Interactive theatre with audience participation is another creative path to making theatre accessible. One young lady, who has asked not to be named, suggested that more theatre should be brought out on the streets, if not on television, as a taster for the show, where it is able to intrigue and capture its audience. An advertising deal met with a food company executive of a local town would not only boost takings for the theatre, but help out a fellow business in this time of recession, harking back to a sense of community once warmly felt in this country. Obviously this is concerned with regional theatre, that suffers more with audience numbers than the West End, however if these regional theatre’s could find more creative ways to advertise what they are doing then it would help diminish a need for government subsidy and allow any money that is received to continue in good advertising.
The McMaster Report favours innovation, risk-taking, diversity, relevance, excellence and controversial material over that which merely ticks boxes and lies within the constraints of political correctness.

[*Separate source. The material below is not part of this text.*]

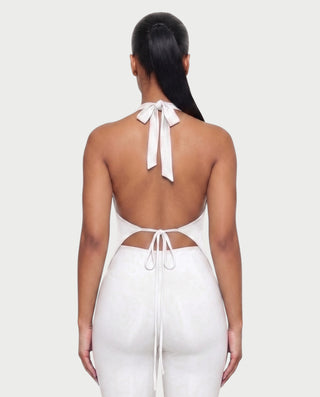 CORALINE Draped Cowl Halter Top & Capri Pants Set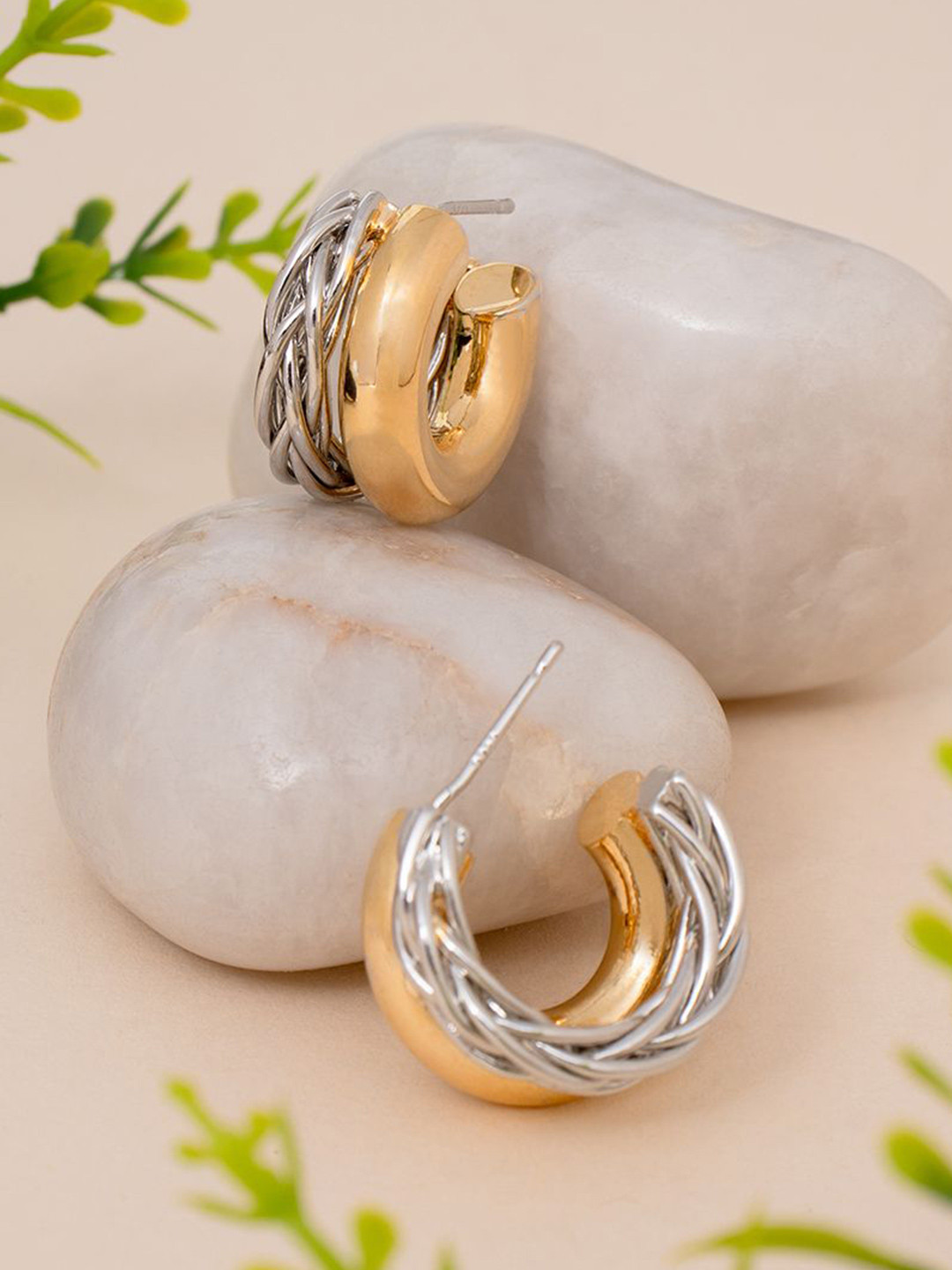 Maasha Stainless Steel Braided Contemporary Half Hoop Earrings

It argues, and rightly so, that “culture is for everyone; that it has the power to change people’s lives, regardless of class, education or ethnicity” and so last year was celebrated as a catalyst for British theatre being “on the brink of a ‘new Renaissance’”. Yet still the Arts Council seems to be up to its old “book keeping tricks”. This failure to comply with the report, teamed with the exam-driven state school system and a huge lack of advertising is steering possible audience candidates away from the theatre. I do not propose that every member of the ‘It’s not for me’ younger generation will, upon witnessing what McMaster describes as excellent theatre , instantly fall in love with what they see.
Of course many people prefer the cinema or television. Rather, I hope that with the right education and background knowledge, most young people will at least be given the opportunity to experience what is (or should be) considered to be a significant constituent of not just traditional, but modern British culture and be able to make that decision for themselves.